Work to be completed:
Would you transcribe the records below from the line with "уп., европодвес (MESHU)" to the line with "Kit Combo com", ends included, exactly and with nothing more, leaving the pictures out?

Task input:
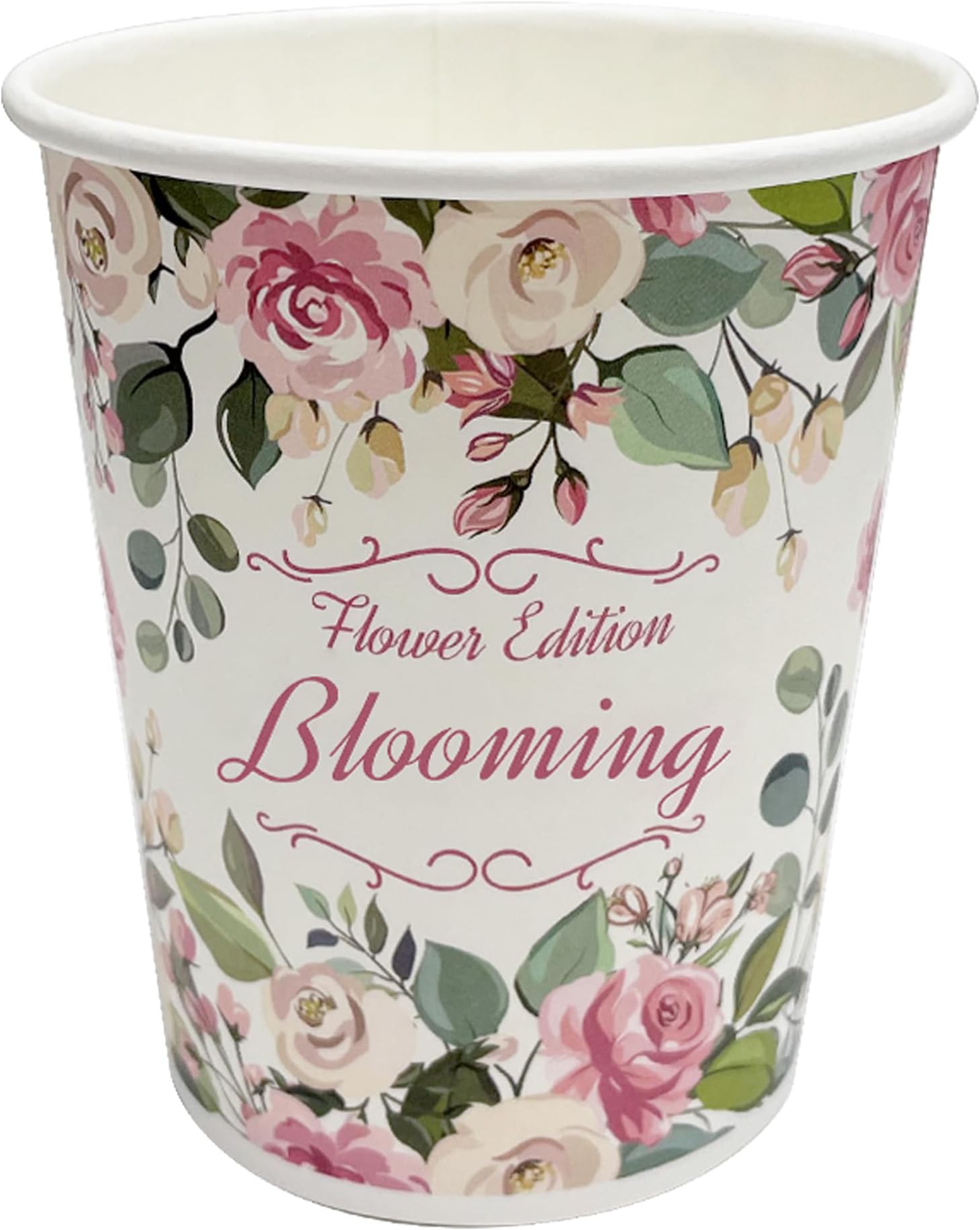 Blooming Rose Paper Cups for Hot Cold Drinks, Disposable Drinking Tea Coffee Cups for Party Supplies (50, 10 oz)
* * *
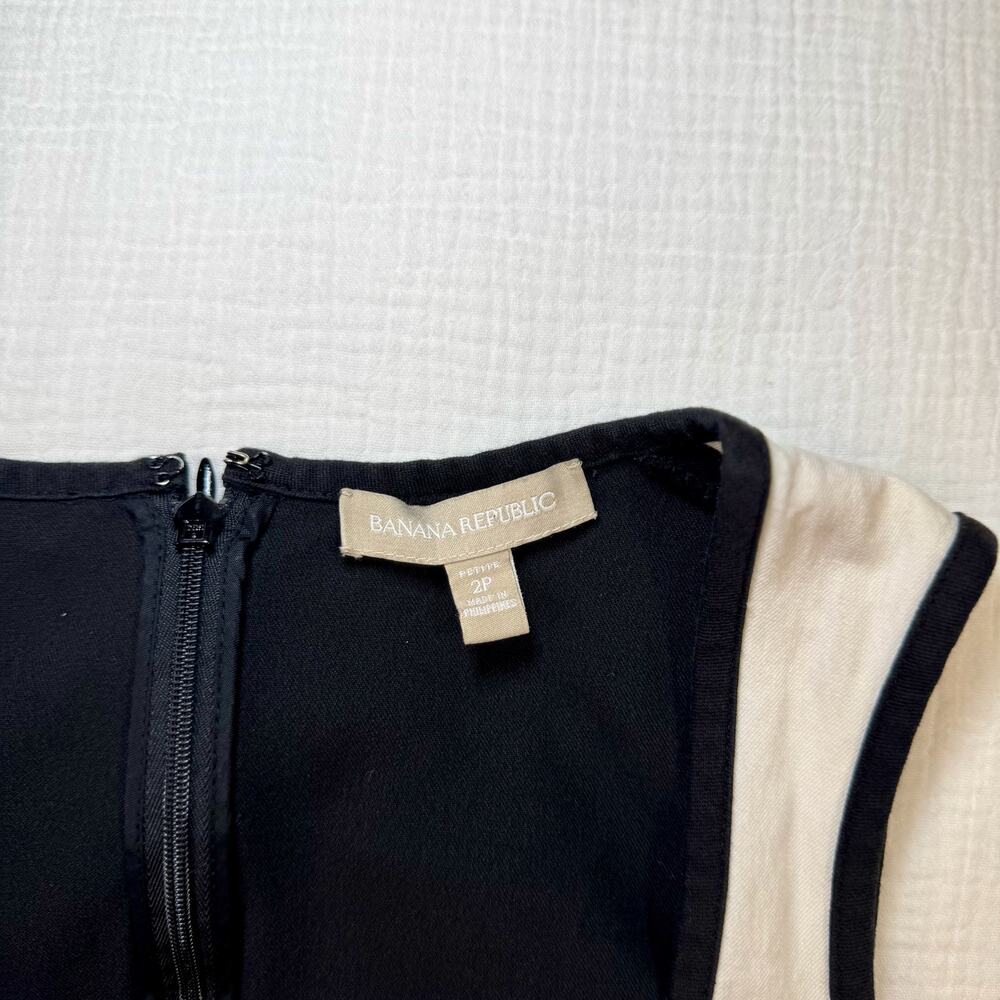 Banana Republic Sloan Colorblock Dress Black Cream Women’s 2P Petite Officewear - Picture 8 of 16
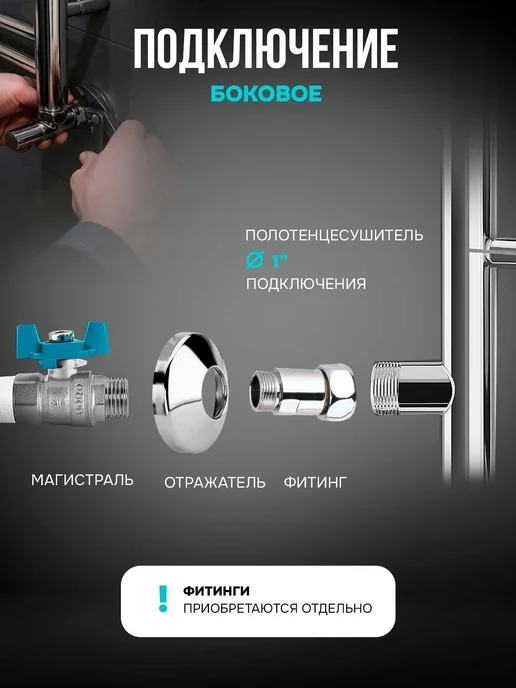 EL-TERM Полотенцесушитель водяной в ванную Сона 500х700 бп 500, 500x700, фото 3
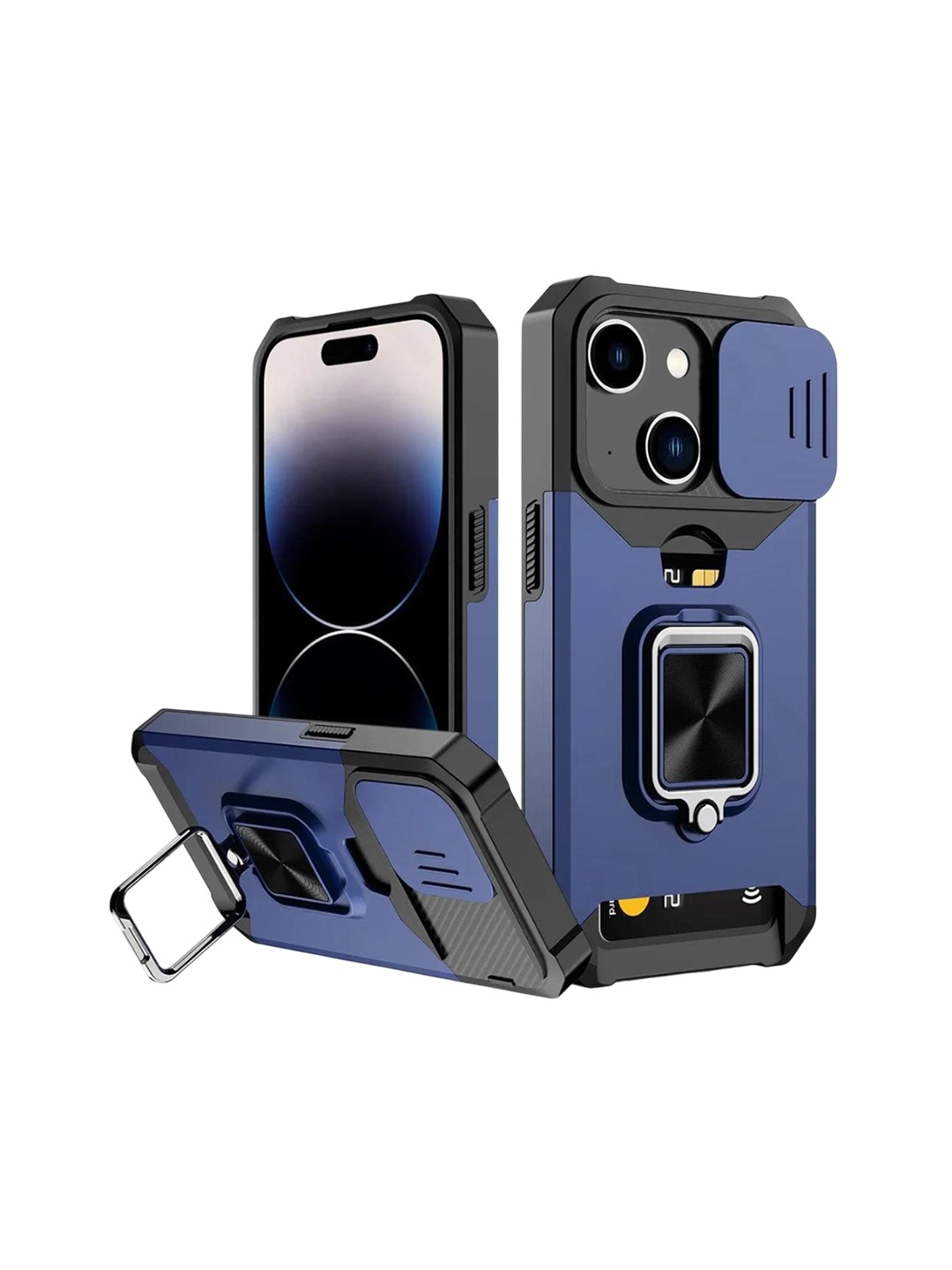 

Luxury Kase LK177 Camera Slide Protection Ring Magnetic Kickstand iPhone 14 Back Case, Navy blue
...
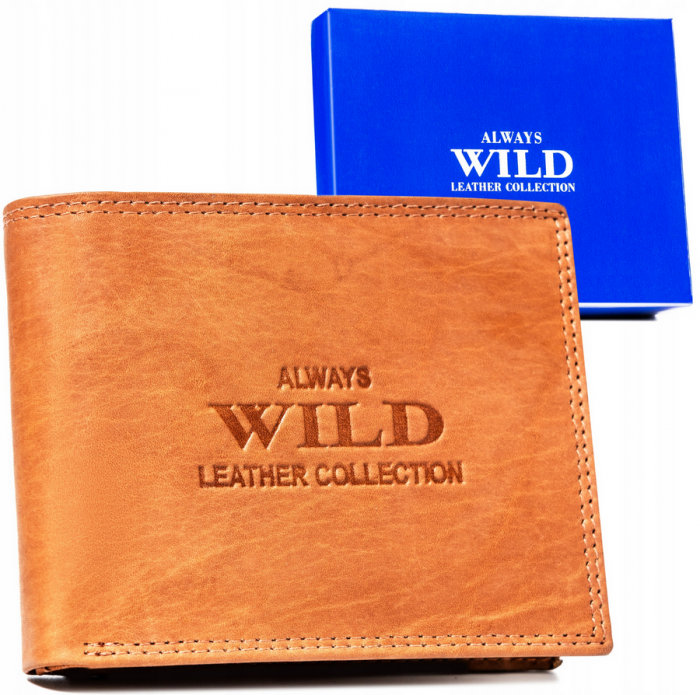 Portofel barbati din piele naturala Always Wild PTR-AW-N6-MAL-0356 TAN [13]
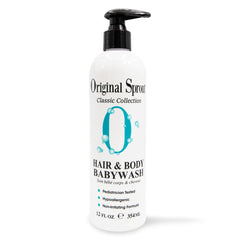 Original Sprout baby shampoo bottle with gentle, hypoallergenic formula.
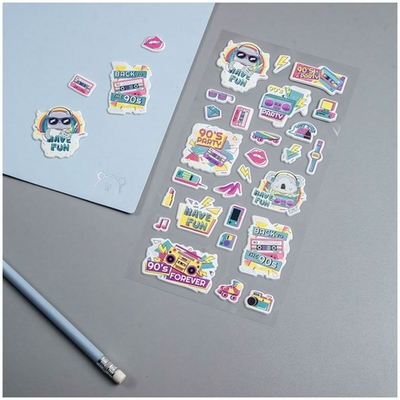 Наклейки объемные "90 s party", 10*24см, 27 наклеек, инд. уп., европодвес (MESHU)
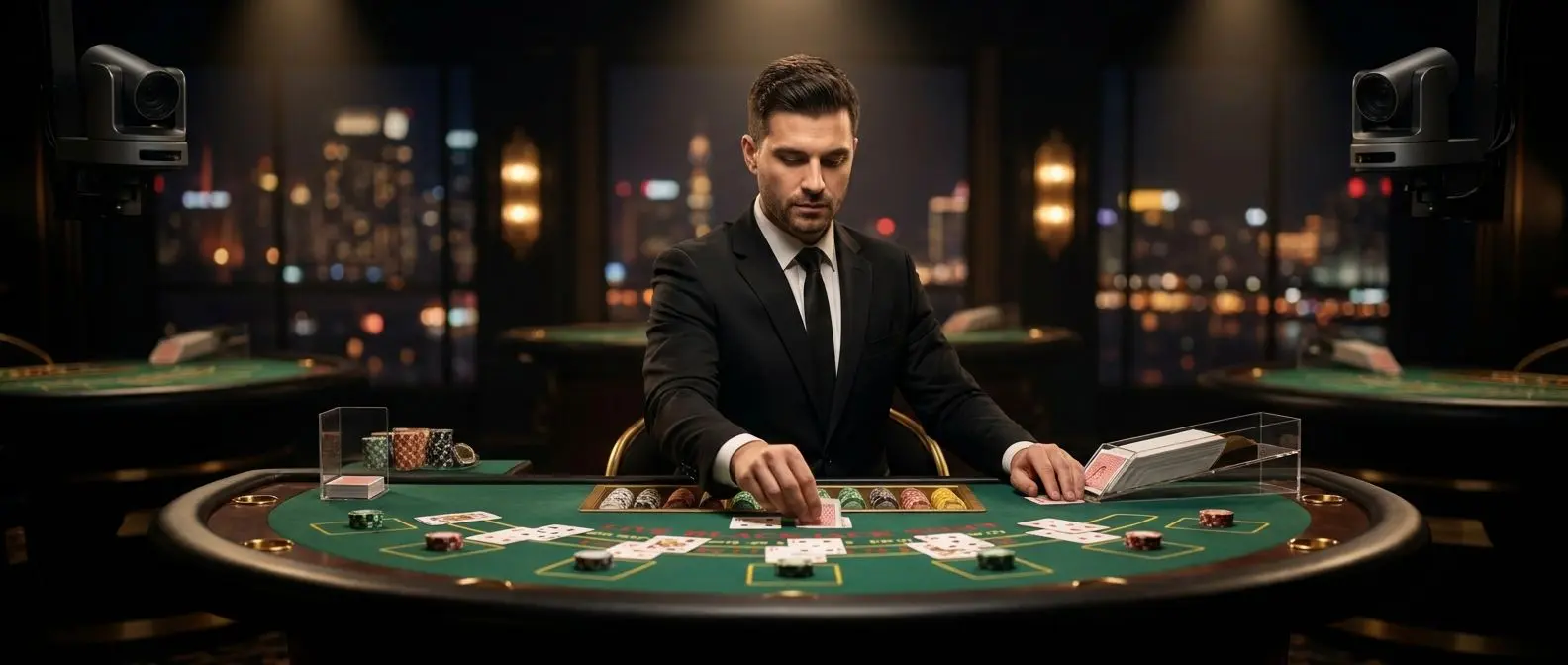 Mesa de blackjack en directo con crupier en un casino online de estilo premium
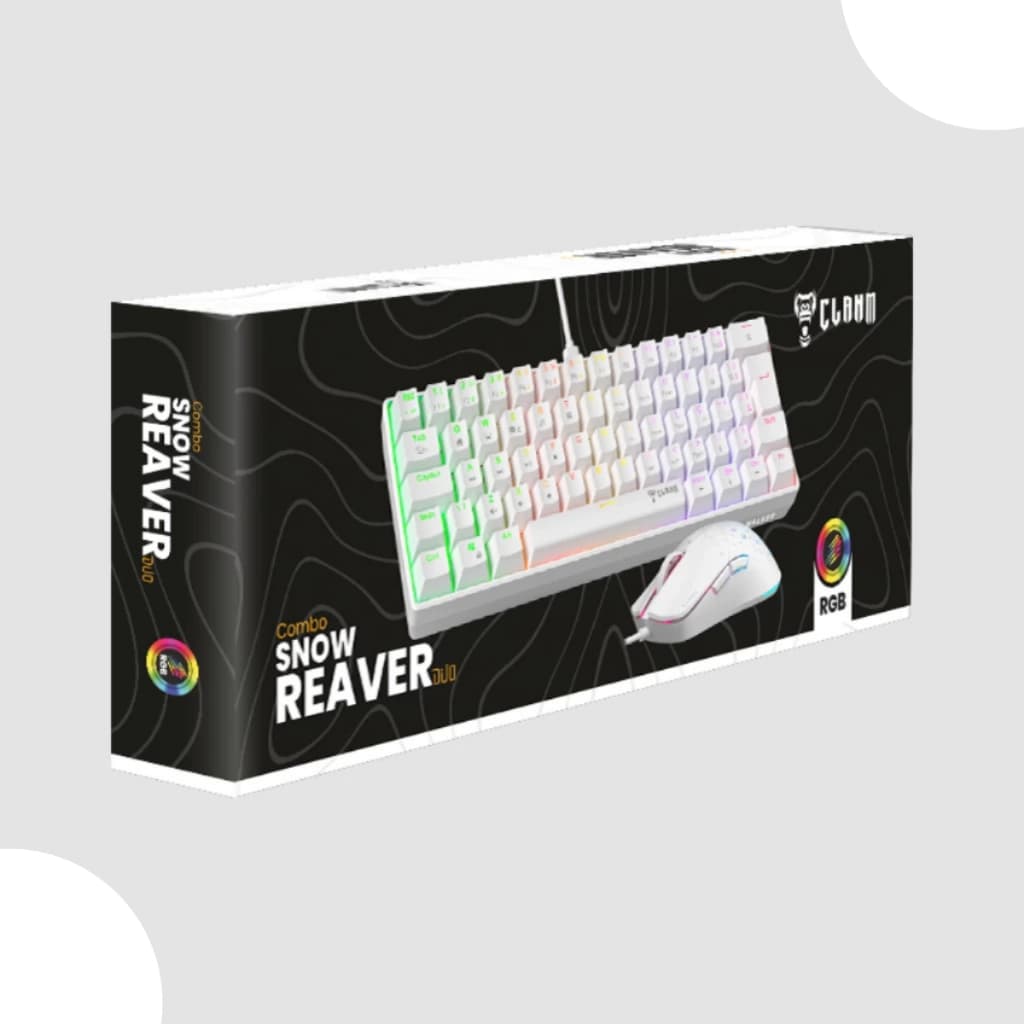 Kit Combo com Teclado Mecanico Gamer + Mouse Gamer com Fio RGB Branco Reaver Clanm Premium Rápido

Written response:
 Наклейки объемные "90 s party", 10*24см, 27 наклеек, инд. уп., европодвес (MESHU)
 Mesa de blackjack en directo con crupier en un casino online de estilo premium
 Kit Combo com Teclado Mecanico Gamer + Mouse Gamer com Fio RGB Branco Reaver Clanm Premium Rápido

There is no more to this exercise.